Goal of the exercise:
For this exercise, output exactly and only the lines running from the one with "NV license plate 02C368" through the final line of the data below, without pictures.

Recorded data Start Marker

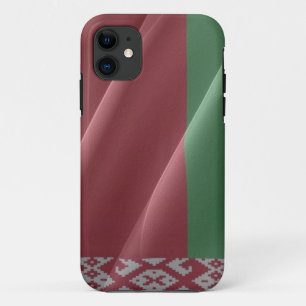 Funda Para iPhone 11 Bandera ondeando Bielorrusia -
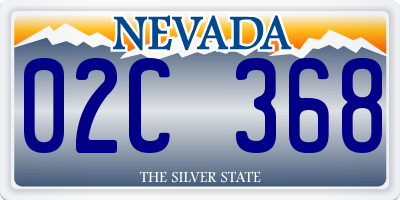 NV license plate 02C368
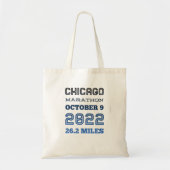 Chicago Marathon 2022 Tote Bag Tragetasche (Vorne)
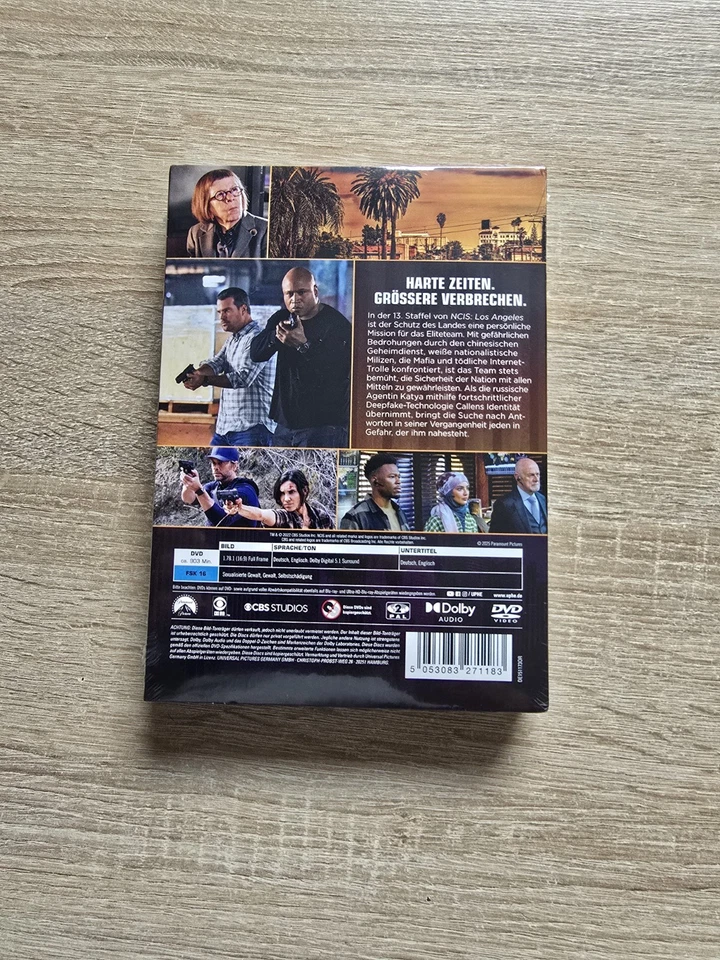 Navy CIS: Los Angeles - Staffel/Season 13 # DVD-NEU - Bild 2 von 2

Recorded data End Marker

Task output:
 NV license plate 02C368
 Chicago Marathon 2022 Tote Bag Tragetasche (Vorne)
 Navy CIS: Los Angeles - Staffel/Season 13 # DVD-NEU - Bild 2 von 2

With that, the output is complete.